● **Your objective**
Find how many lines of the following entries contain "Thumbnail". Reply with the number alone.

● **Data for the task**
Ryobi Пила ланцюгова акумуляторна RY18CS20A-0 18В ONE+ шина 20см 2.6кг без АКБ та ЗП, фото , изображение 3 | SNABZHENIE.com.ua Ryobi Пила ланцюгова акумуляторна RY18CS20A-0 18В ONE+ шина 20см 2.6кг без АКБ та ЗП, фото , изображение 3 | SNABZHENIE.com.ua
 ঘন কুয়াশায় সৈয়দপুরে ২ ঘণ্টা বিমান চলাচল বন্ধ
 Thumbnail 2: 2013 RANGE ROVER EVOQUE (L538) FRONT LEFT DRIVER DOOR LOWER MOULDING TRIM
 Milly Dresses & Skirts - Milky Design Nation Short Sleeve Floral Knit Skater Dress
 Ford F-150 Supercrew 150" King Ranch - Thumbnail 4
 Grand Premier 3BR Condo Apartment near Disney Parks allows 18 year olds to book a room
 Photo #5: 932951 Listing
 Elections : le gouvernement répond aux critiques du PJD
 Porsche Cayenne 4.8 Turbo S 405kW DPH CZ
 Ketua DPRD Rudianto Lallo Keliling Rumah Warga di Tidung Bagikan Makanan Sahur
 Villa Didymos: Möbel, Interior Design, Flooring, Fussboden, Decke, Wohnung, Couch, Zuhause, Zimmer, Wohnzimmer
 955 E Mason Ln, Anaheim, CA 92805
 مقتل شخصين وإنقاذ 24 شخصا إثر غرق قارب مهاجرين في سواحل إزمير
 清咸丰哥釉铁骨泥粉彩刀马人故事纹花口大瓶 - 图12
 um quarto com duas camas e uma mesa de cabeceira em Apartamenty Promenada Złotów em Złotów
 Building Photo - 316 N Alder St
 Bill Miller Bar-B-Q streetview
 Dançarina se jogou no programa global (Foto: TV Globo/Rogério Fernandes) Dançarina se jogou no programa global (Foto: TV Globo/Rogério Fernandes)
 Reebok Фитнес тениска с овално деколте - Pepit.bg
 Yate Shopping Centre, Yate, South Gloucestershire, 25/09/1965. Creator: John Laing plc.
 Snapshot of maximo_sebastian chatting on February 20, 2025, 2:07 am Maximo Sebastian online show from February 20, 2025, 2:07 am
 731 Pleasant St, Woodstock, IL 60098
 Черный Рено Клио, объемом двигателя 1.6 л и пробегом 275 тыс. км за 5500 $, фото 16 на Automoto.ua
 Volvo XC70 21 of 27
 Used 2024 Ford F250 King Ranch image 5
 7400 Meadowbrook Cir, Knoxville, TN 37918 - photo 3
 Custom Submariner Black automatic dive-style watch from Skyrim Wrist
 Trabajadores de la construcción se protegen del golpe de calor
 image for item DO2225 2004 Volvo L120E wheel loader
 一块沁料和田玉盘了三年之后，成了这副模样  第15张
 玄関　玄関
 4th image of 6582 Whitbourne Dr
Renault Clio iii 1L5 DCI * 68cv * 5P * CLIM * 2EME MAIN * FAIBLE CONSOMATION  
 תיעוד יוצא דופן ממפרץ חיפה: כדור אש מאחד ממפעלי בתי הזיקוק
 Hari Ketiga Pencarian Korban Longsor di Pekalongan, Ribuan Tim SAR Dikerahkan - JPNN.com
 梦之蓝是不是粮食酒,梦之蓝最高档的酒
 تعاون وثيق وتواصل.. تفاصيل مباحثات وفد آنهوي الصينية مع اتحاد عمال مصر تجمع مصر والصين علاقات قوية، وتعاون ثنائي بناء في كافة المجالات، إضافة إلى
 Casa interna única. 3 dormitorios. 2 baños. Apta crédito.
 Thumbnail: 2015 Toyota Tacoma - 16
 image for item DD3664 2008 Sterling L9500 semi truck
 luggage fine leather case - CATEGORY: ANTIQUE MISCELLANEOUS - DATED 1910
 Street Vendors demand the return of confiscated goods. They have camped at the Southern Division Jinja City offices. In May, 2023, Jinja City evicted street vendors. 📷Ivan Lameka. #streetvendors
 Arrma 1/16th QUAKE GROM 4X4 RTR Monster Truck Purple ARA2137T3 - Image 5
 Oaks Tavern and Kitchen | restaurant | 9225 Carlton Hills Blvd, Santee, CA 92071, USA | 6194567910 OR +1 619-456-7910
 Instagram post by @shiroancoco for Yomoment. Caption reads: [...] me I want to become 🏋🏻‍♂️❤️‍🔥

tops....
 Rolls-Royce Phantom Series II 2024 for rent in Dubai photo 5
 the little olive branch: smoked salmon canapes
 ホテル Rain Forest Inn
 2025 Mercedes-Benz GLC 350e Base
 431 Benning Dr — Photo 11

● **Finished task**
3